Why can't a mobile phone just be a phone?
posted by Heath Buckmaster on July 12, 2007
I remember my very first mobile phone. It was a popular brand of device that could do nothing more than place and receive phone calls. The quality of the calls wasn’t all that great; it was heavy to hold in my hand; it barely fit in my pocket; calls were dropped randomly; I, and the person I was talking to sounded like we were placing the call from the bottom of a dry well. But it did place and receive calls - and when I got that flat tire on the way home from work, it was nice to be able to call a friend to come help me.
Funny how little things have changed.

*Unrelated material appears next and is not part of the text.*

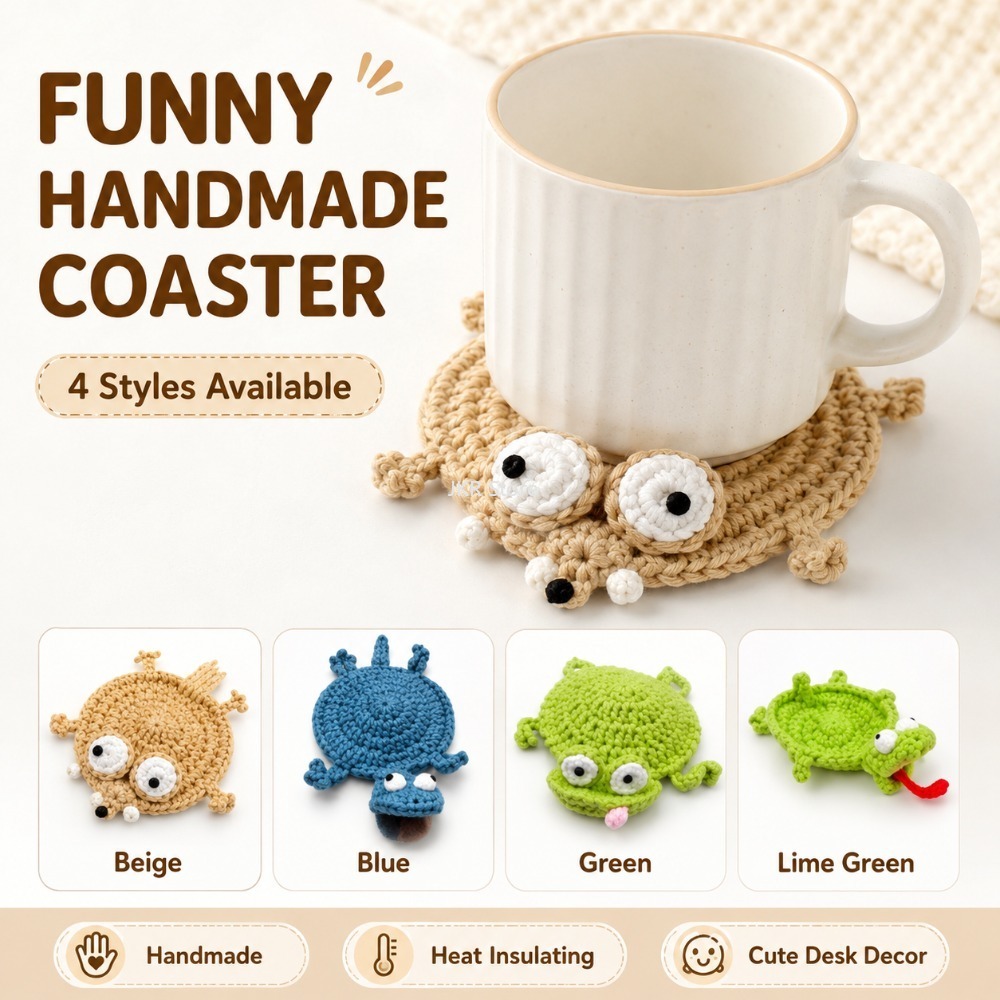 Coffee Tea Uses - Handgebreide dieren-coffee coaster, handgeweven, afgewerkt, creatief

Today’s devices still have voice quality issues, the Pocket PC I use barely fits in my pocket (so sometimes I pull the SIM out, stick it in a slimline phone I also have, and go out on the town), calls are still dropped randomly no matter what carrier you have, and now the people I talk to sound more like Optimus Prime* from the Transformers*. Granted, he’s got a very cool voice, but still.
But the pocket PC’s, smartphones, and flip/candybar/pda phones of today go way beyond placing and receiving calls. You can send text messages (with flip or slide out keyboards), pictures of funny bumper stickers you see while driving, and videos of bands or concert performances that you really aren’t supposed to be recording, to anyone around the world - while at the same time playing Sudoku or solitaire, blogging on your favourite social networking site, listening to your latest music download, checking your calendar for the next day, and browsing the internet with your wi-fi connection at the same time. It’s amazing how much multitasking can be done with such a tiny device. But I really don’t want or need all of that.
We can add 50 new features to a phone but we can’t stop people from screaming into it because they can’t hear how loud their voice is. How long has full duplex been around, I ask? And why do I still get static during a phone call when I’m not even moving around? A phone used to be so that you could have a conversation with someone as if you were standing right next to them - it was about verbal communication over distances. When I talk to my friend who is 3 feet away from me they don’t randomly stop talking, and their voice doesn’t suddenly fill with static. I can hear them clear as day.
Why can’t my mobile phone just be a phone? And I mean a good phone that does that one basic thing well. Three cheers for the people who can get a high score on their wireless version of Bejeweled* while sending a text message to 83 people at the same time letting them know that they just got a new haircut. I just want to be heard when I’m calling AAA for a tow truck if my car breaks down in the middle of nowhere. Where is Alexander Graham Bell when you need him?
** Yes, I do use text and picture messaging, and I do check my calendar, play Sudoku, and browse the internet over my wi-fi connection from my Pocket PC. But I’m not happy about it. :-)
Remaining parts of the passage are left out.